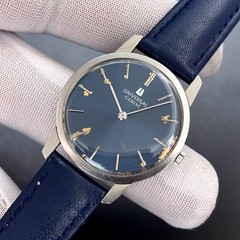 Vintage Universal Geneve Ultra Rare Blue Sunburst Dial Manual Swiss Watch 842101
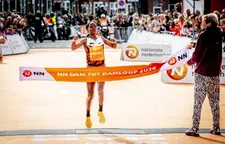 Thumbnail for article: 70-jarige recordhoudster ziet eigen record gebroken worden bij NN Dam tot Damloop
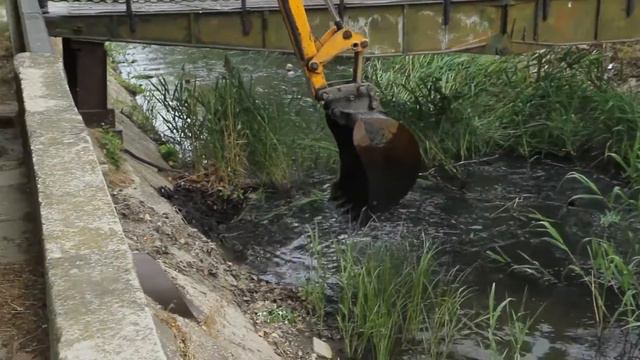 Уборка реки. Керчь смотреть онлайн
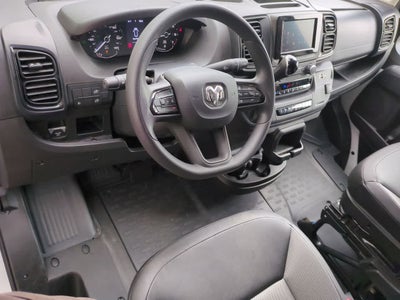 Furgoneta de carga RAM ProMaster 2500 Tradesman de 2025, techo alto, distancia entre ejes de 159 pulgadas, con asiento del acompañante
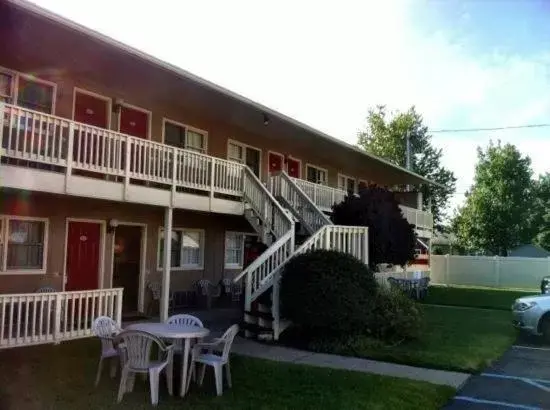 Facade/entrance, Property Building in Ludington Pier House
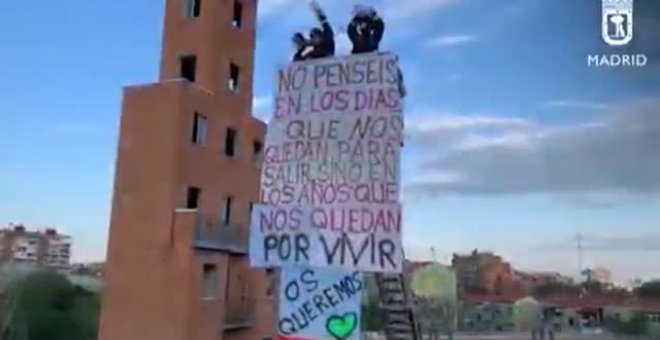 Los bomberos de Madrid animan a sus vecinos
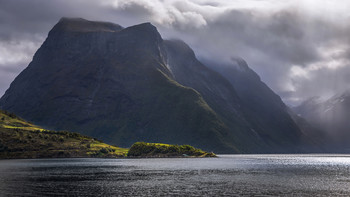 Домик на острове и гора с водопадом. / На пути к Лофотенам (Норвегия).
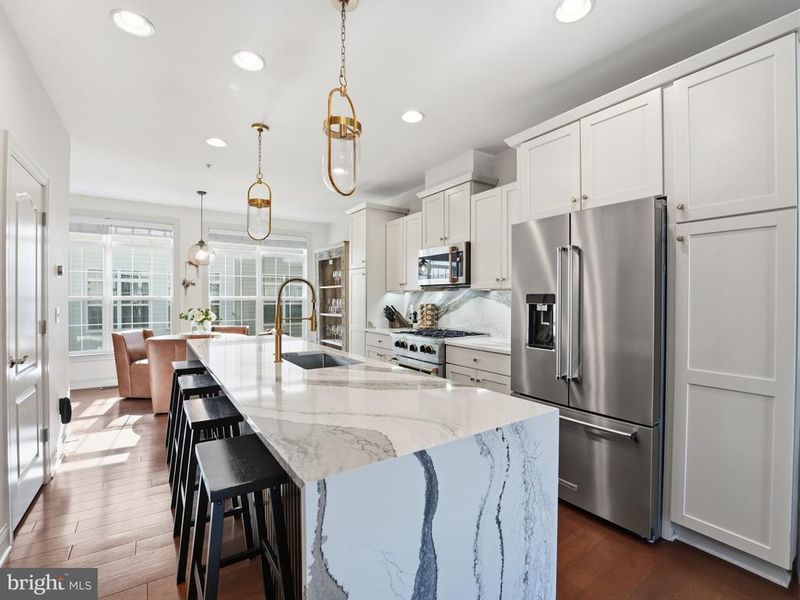 308 George Mason Dr N, Arlington, VA 22203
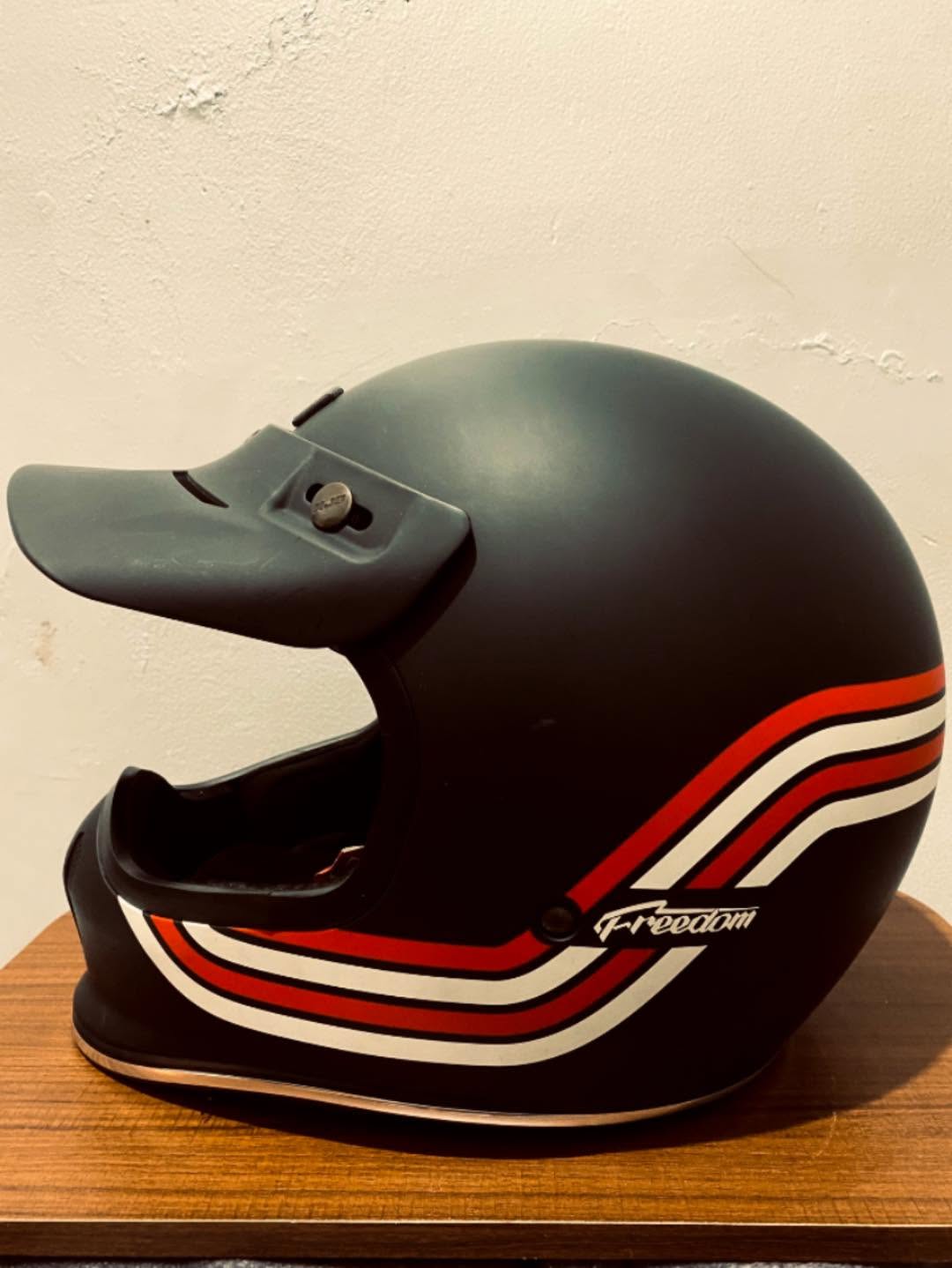 Jual Helm NJS Freedom Sportster Hitam Full Face – Mulus 98%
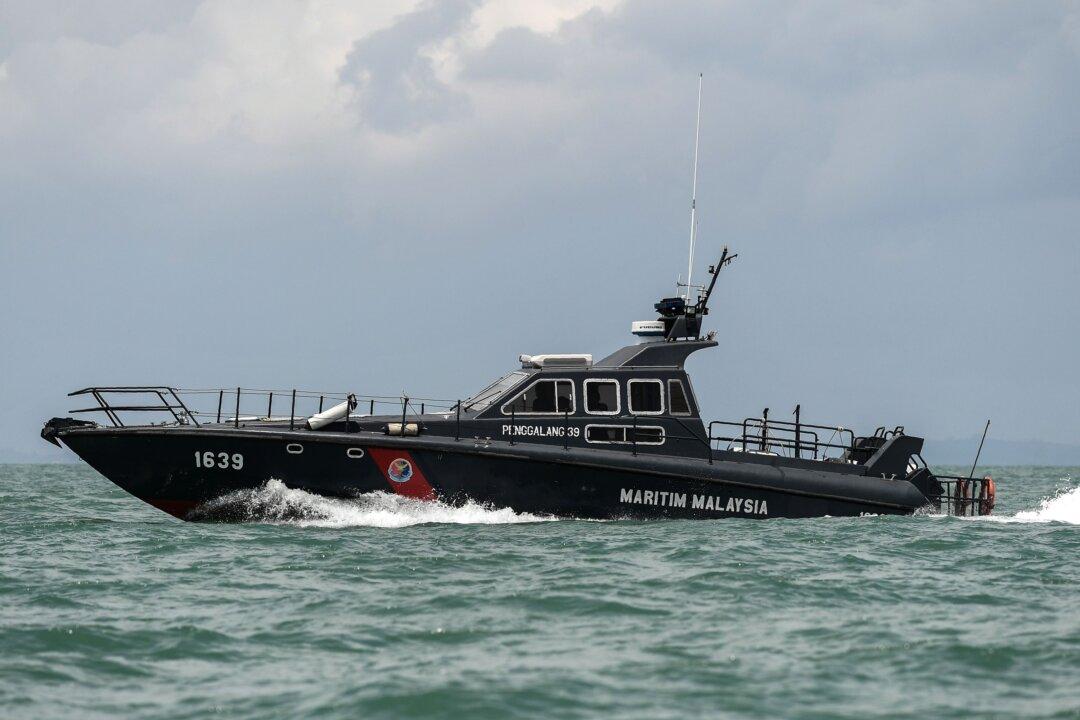 Malaysia Detains Chinese Ship Suspected of Plundering British Warship Wrecks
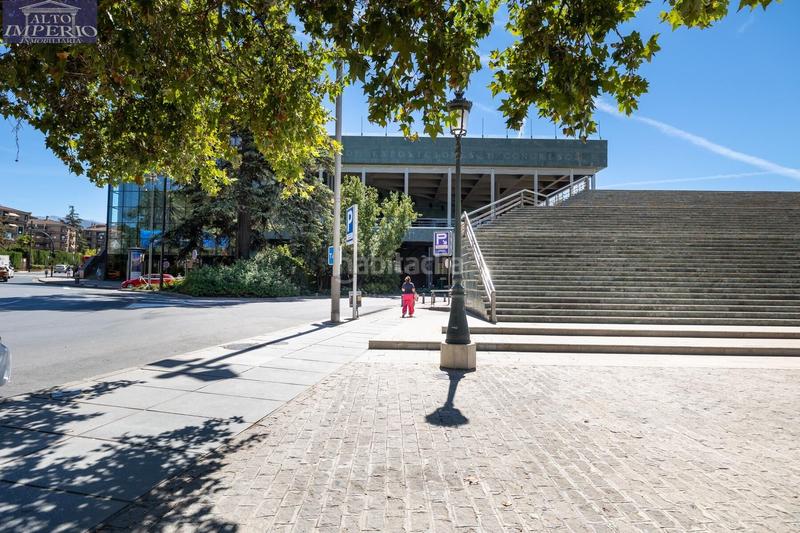 Foto 088d6480-6853-4d90-a109-ce8e11784825. Aparcament cotxe a Parque Lagos Granada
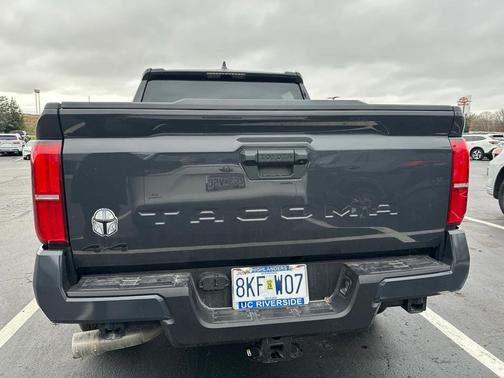 2024 Toyota Tacoma TRD Off-Road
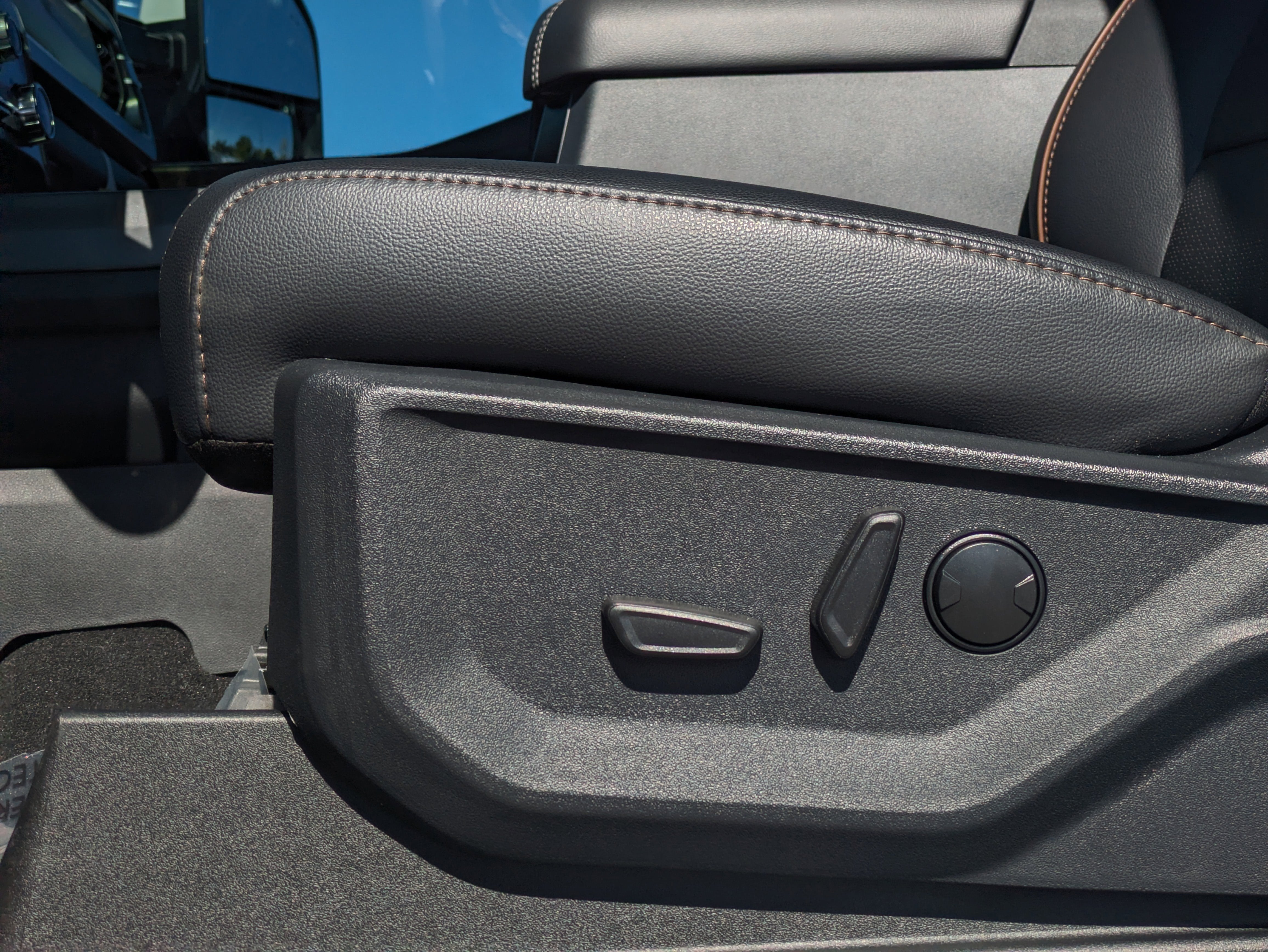 2025 Ford SUPER DUTY F-250 Lariat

※

I need the lines from the line containing "Домик на острове" through the final line of the listing duplicated exactly, both ends included, with no pictures and nothing else.

 Домик на острове и гора с водопадом. / На пути к Лофотенам (Норвегия).
 308 George Mason Dr N, Arlington, VA 22203
 Jual Helm NJS Freedom Sportster Hitam Full Face – Mulus 98%
 Malaysia Detains Chinese Ship Suspected of Plundering British Warship Wrecks
 Foto 088d6480-6853-4d90-a109-ce8e11784825. Aparcament cotxe a Parque Lagos Granada
 2024 Toyota Tacoma TRD Off-Road
 2025 Ford SUPER DUTY F-250 Lariat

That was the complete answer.